_Your goal_. Give the lines again, unchanged, starting with the line containing "Hyundai Avante: 2020" and ending with the last line of the data below.

-- Data listing follows --

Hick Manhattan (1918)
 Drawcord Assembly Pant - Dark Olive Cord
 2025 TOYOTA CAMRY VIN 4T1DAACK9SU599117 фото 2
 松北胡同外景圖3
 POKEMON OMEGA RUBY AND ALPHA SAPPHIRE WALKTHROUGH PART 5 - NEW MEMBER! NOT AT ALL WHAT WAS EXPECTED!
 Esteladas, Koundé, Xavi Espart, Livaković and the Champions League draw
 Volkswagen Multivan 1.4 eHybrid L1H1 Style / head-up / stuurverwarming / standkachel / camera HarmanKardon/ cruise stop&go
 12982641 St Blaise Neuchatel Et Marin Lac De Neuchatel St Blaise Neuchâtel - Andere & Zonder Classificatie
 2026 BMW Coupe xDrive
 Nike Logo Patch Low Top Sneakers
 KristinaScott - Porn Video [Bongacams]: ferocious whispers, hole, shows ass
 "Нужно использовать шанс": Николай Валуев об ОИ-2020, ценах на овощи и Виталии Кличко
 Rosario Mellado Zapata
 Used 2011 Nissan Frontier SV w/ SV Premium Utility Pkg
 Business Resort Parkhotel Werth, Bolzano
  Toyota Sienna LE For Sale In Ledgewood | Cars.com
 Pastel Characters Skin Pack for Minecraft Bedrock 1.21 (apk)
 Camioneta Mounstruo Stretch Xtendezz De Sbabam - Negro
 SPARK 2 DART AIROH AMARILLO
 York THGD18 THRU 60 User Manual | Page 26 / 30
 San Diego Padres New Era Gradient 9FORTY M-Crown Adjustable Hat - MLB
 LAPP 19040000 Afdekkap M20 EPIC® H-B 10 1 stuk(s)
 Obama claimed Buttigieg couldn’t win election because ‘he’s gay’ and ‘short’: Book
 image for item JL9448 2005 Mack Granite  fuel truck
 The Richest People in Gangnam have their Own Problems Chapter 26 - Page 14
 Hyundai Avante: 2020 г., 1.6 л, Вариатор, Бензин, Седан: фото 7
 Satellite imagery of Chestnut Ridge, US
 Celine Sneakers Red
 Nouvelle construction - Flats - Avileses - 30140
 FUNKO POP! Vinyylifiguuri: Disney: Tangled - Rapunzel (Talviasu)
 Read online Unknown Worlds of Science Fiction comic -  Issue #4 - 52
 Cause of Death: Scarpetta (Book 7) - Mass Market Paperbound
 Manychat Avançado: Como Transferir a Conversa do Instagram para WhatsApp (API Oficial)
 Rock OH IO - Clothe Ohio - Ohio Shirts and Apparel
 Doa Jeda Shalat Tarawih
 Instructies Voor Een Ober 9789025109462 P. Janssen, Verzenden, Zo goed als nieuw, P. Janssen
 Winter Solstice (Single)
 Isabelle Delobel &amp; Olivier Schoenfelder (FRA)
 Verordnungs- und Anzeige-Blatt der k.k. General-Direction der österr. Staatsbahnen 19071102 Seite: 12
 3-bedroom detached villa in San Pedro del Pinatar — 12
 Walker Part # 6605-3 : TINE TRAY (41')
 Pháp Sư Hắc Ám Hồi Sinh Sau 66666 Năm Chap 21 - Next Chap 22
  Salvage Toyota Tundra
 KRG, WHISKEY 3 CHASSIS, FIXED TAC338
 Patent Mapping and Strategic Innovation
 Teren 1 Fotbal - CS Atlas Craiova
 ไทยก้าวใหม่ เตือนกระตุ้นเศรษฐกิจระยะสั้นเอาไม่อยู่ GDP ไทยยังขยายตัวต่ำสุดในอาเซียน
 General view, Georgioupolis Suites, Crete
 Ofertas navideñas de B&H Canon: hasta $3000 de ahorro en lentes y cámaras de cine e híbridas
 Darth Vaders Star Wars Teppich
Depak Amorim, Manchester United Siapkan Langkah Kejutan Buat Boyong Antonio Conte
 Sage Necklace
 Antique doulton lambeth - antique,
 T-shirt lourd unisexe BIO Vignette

-- Data listing concluded --

_Response area_.
 Hyundai Avante: 2020 г., 1.6 л, Вариатор, Бензин, Седан: фото 7
 Satellite imagery of Chestnut Ridge, US
 Celine Sneakers Red
 Nouvelle construction - Flats - Avileses - 30140
 FUNKO POP! Vinyylifiguuri: Disney: Tangled - Rapunzel (Talviasu)
 Read online Unknown Worlds of Science Fiction comic -  Issue #4 - 52
 Cause of Death: Scarpetta (Book 7) - Mass Market Paperbound
 Manychat Avançado: Como Transferir a Conversa do Instagram para WhatsApp (API Oficial)
 Rock OH IO - Clothe Ohio - Ohio Shirts and Apparel
 Doa Jeda Shalat Tarawih
 Instructies Voor Een Ober 9789025109462 P. Janssen, Verzenden, Zo goed als nieuw, P. Janssen
 Winter Solstice (Single)
 Isabelle Delobel &amp; Olivier Schoenfelder (FRA)
 Verordnungs- und Anzeige-Blatt der k.k. General-Direction der österr. Staatsbahnen 19071102 Seite: 12
 3-bedroom detached villa in San Pedro del Pinatar — 12
 Walker Part # 6605-3 : TINE TRAY (41')
 Pháp Sư Hắc Ám Hồi Sinh Sau 66666 Năm Chap 21 - Next Chap 22
  Salvage Toyota Tundra
 KRG, WHISKEY 3 CHASSIS, FIXED TAC338
 Patent Mapping and Strategic Innovation
 Teren 1 Fotbal - CS Atlas Craiova
 ไทยก้าวใหม่ เตือนกระตุ้นเศรษฐกิจระยะสั้นเอาไม่อยู่ GDP ไทยยังขยายตัวต่ำสุดในอาเซียน
 General view, Georgioupolis Suites, Crete
 Ofertas navideñas de B&H Canon: hasta $3000 de ahorro en lentes y cámaras de cine e híbridas
 Darth Vaders Star Wars Teppich
Depak Amorim, Manchester United Siapkan Langkah Kejutan Buat Boyong Antonio Conte
 Sage Necklace
 Antique doulton lambeth - antique,
 T-shirt lourd unisexe BIO Vignette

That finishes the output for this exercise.